This Fin-Flapping Elasto-Capillary Display Draws 1,000th the Power of a Traditional LCD Panel
Inspired by chameleons, octopuses, and the classic flip-digit clock, this novel display could be a low-power winner.
Researchers at the University of Illinois at Urbana-Champaign and Ajou University have come up with an entirely new concept for building flexible, high-efficiency displays — inspired by the color-changing talents of chameleons and octopuses and driven by shifting fins and varying temperatures to harness elasto-capillarity.
"An everyday example of elasto-capillarity is what happens to our hair when we get in the shower," explains project lead Sameh Tawfick, professor of mechanical science and engineering at Urbana-Champaign. "When our hair gets wet, it sticks together and bends or bundles as capillary forces are applied and released when it dries out."
The display developed by the team, directly inspired by the color-changing skins of animals like chameleons and octopuses, uses bendable fins with temperature control capabilities to alter the volume of liquid in each picture element (pixel) of the display. Increase the volume, and the pixel flips from clear to opaque — similar to the operation of a vintage flip-digit clock.

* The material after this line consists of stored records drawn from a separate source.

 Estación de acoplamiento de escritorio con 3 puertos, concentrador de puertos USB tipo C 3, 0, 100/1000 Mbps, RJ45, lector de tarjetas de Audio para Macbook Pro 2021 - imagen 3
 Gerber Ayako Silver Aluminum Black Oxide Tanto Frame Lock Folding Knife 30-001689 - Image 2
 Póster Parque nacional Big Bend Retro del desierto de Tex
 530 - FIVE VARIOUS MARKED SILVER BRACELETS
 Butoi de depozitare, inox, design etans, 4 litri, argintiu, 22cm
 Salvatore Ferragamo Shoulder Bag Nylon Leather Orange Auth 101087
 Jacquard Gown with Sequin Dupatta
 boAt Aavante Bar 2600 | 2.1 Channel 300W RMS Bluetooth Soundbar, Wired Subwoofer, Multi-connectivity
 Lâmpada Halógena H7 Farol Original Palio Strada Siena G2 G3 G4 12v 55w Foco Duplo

"We are not limited to cubic pixel boxes," Tawfick claims of the display's flexibility, both literally and metaphorically. "The fins can be arranged in various orientations to create different images, even along curved surfaces. The control is precise enough to achieve complex motions, like simulating the opening of a flower bloom."

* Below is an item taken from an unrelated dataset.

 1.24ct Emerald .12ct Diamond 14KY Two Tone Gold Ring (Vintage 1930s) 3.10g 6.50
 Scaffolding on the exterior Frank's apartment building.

One interesting side-effect of giving each pixel the ability to differentiate itself from its neighbors by both light reflection and heat emission is that a single display can encode two entirely different messages: one visible to the naked eye and the other only visible under infrared sensors. "Because we can control the temperature of these individual droplets, we can display messages that can only be seen using an infrared device," Tawfick explains. "Or we can send two different messages at the same time."
The biggest advantage of the technology, though, is undoubtedly its energy efficiency: the team estimates that the elasto-capillary display draws around a thousandth the energy of a traditional liquid crystal display. The only problem: it relies on compact pump technology not yet commercially available and only operates when flat, with the liquid forced to fight gravity when in the vertical orientation. "We have found," Tawfick says on the latter problem, "that if we use fluid droplets that are five times smaller, gravity will no longer be an issue."
The team's work has been published under open access terms in the journal Science Advances.